**Problem requirements**: Give back the data exactly, with no images.

**Data below**:
===============
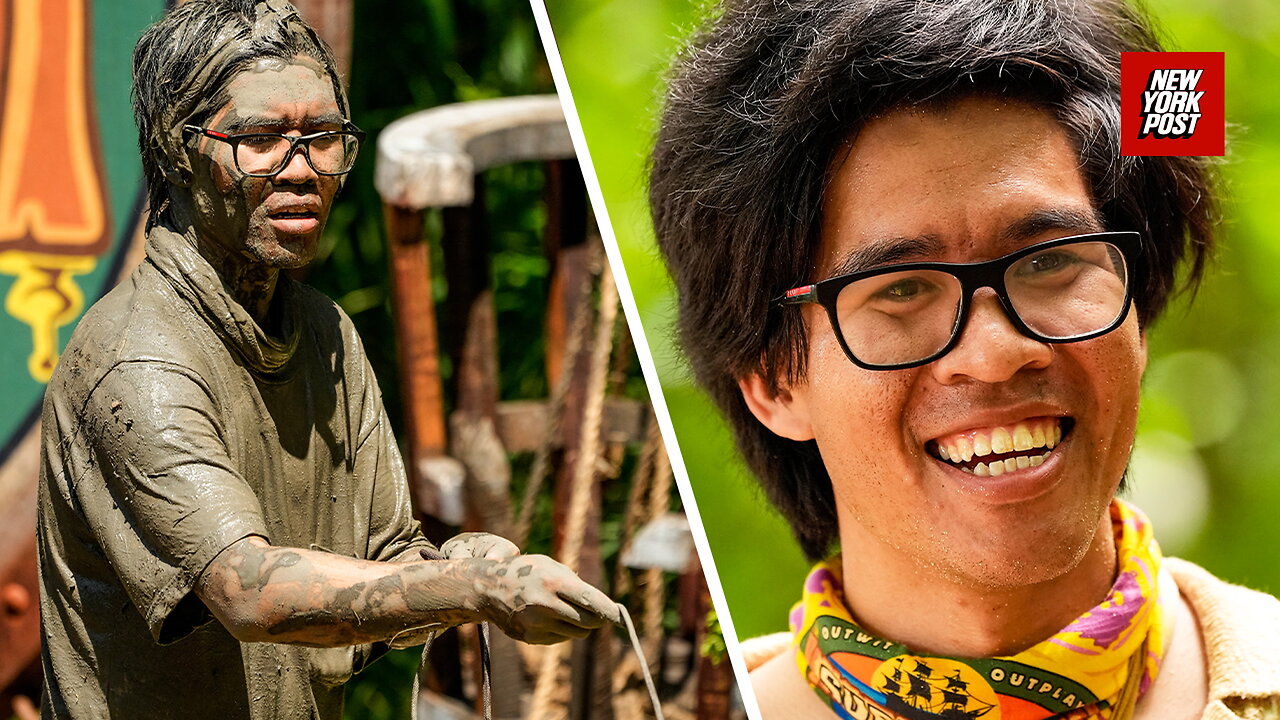 'Survivor's Jason Treul reacts to internet 'negativity' about Season 49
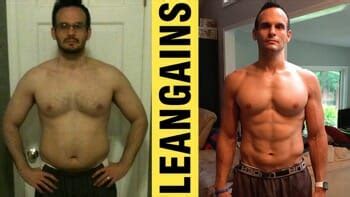 Lean Gains Fasting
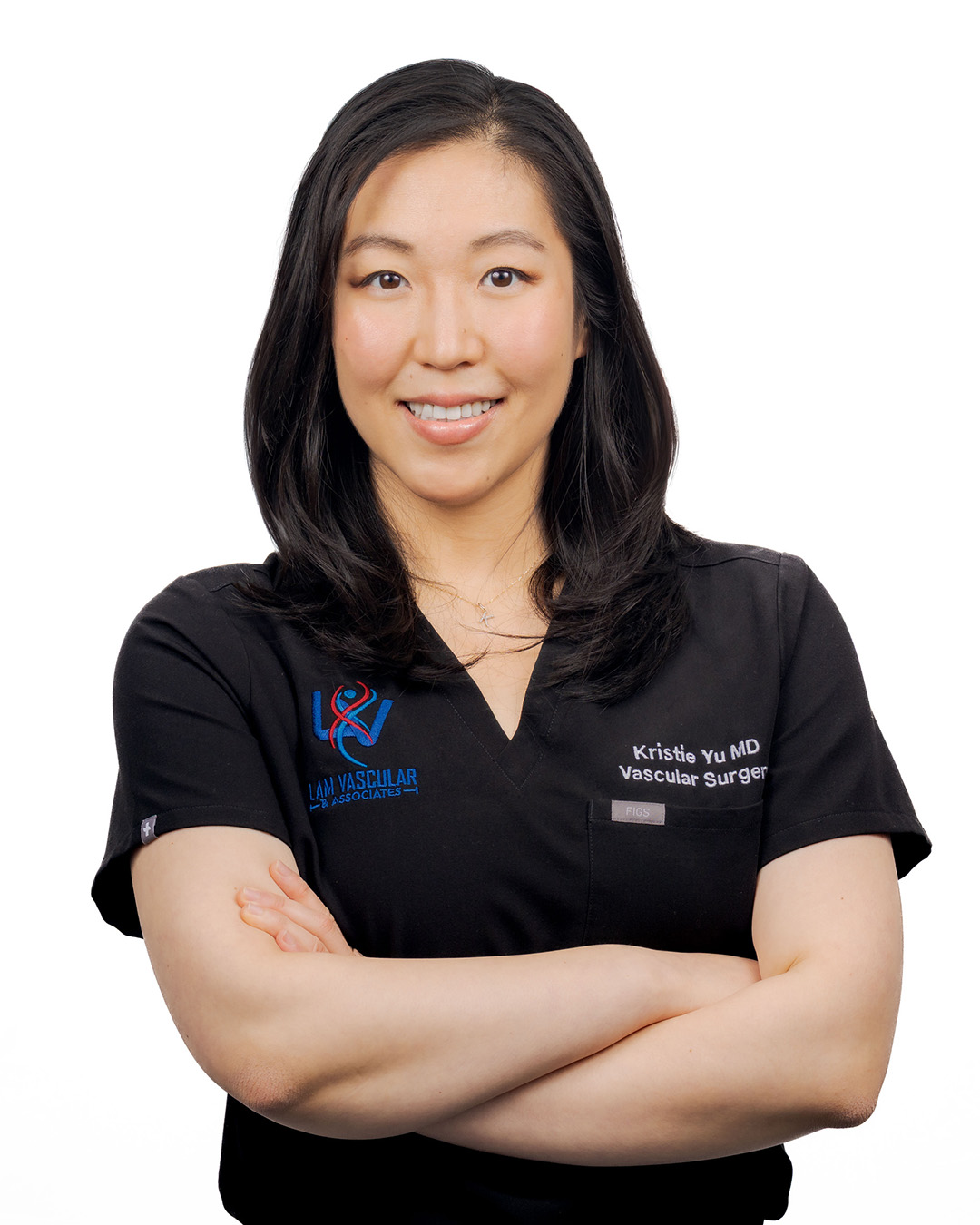 KRISTIE YU, MD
===============
**Solved problem**:
 'Survivor's Jason Treul reacts to internet 'negativity' about Season 49
 Lean Gains Fasting
 KRISTIE YU, MD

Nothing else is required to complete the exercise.